_Assignment_: Leave out the pictures and give back all the entries exactly as written.

[Short text fragments from websites]
= = = =

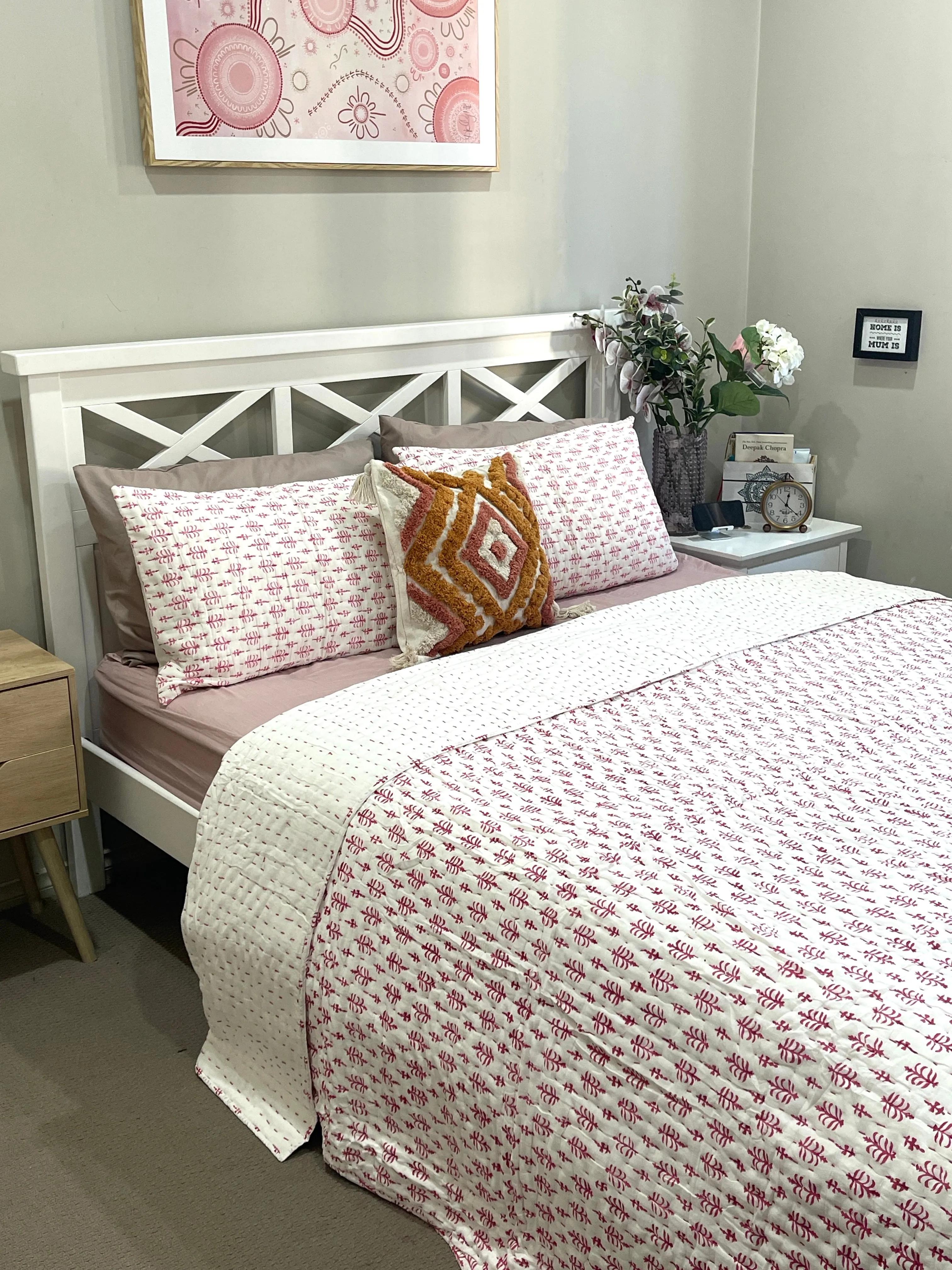 Hand Made Cotton Block Printed Padded Kantha Quilt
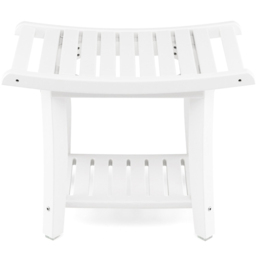 Costway Single Shelf White HDPE Waterproof Shower Bench - Size: 63 x 48 x 12cm - Wilko - thumbnail 1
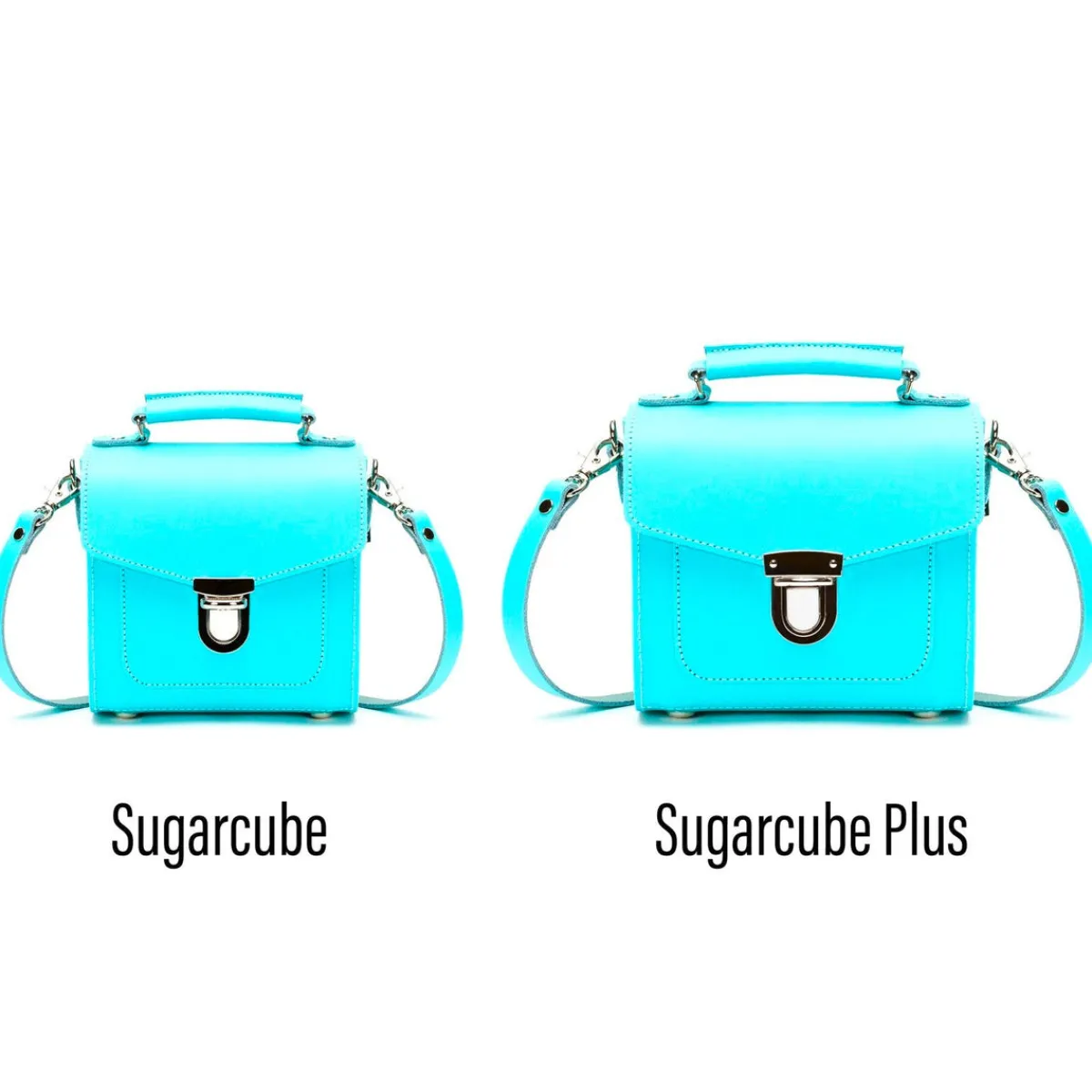 Zatchels Handmade Leather Sugarcube Handbag - Limpet - Shell Blue><noscript><img width=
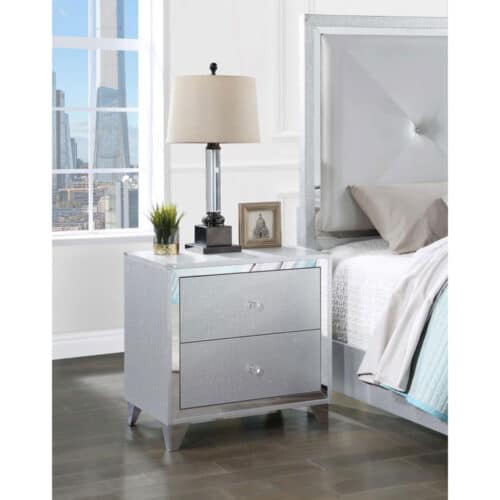 LARUE 2-DRAWER SILVER NIGHTSTAND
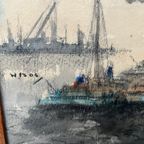 Wim Bos (1906-1974) "Gezicht Op De Haven". thumbnail 4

= = = =

_Solution to this task_:
 Hand Made Cotton Block Printed Padded Kantha Quilt
 Costway Single Shelf White HDPE Waterproof Shower Bench - Size: 63 x 48 x 12cm - Wilko - thumbnail 1
 Zatchels Handmade Leather Sugarcube Handbag - Limpet - Shell Blue><noscript><img width=
 LARUE 2-DRAWER SILVER NIGHTSTAND
 Wim Bos (1906-1974) "Gezicht Op De Haven". thumbnail 4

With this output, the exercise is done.